The AirKafka Worker is being created to work independently from the Kafka Executor in order to consume the messages that are coming into the Airflow Kafka Topic and executing the consumed commands in parallel and reporting the success back to Airflow.
Once the AirKafka Worker has executed the tasks and logged their success, it will push the key and state back to another Kafka Topic. This Kafka Topic in turn is monitored by the executors "sync" function which is used to udpate the task states.
Airflow 1.9.0
Kafka-Python 1.3.5
Kafka Parcel - 3.0.0-1.3.0.0.p0.40
kafka_executor_plugin.py goes into {AIRFLOW HOME}/plugins directory and then the airflow.cfg file is updated as:
executor = kafka_executor_plugin.KafkaExecutor
AirKafka Worker deployment steps under the KafkaWorker folder.
Kafka requires as many partitions as consumers you expect to connect to it.
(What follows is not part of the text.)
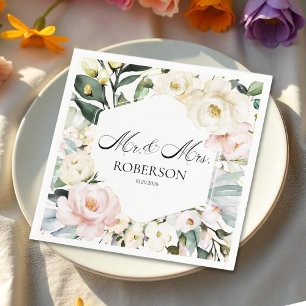 Boho Greenery Floral Frame Wedding Napkin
Thus, if a person wants 3 kafka_workers to be waiting on Airflow commands to execute, the topic needs to have at least 3 partitions or else you will have idle workers taking up resources. Still need to test creating multiple head "workers". In this case, it would need to be multiple "kafka_worker start" instances and make sure they can communicate properly.
Needs to be tested more robustly to ensure production level environment does not break the executor.
The "heartbeat" method of the worker might be problematic in larger productions as task joining and result gathering technically only occur after the consumer has not consumed new messages for 10 seconds. If a production has DAGS running all the time, this method may be very rarely reached.
The "airflow_loc" was implemented because there was a local error where the "airflow" executable could not be found and was creating problems. This might not be necessary in the future, but it doesn't hurt to have and to path the "airflow run" command absolutely instead of relying on the executable being global
For whatever reason, once "airflow run" commands are executed in command line/shell, the metastore seems to be automatically updated of the tasks state. In fact, if the "airflow run" command is stored as "command" and the code "subprocess.check_call(command)" is run - it will always return a success. For example, if a new DAG is created with one task and that one task is a BashOperator with "exit 127", that task can be queued and executed manually via command line and will give "return code 1" - but if it is run via Python "subprocess" the subprocess will return "exit code 0" and claim it was successful. not sure if this is a local problem, but testing has proven this continues to be the case with different executors, fresh installs, different airflow version, etc. So, looking at the logs, any task that is executed will claim that it was successful, but the metastore seems to be getting the right state - again, not sure how and could be local.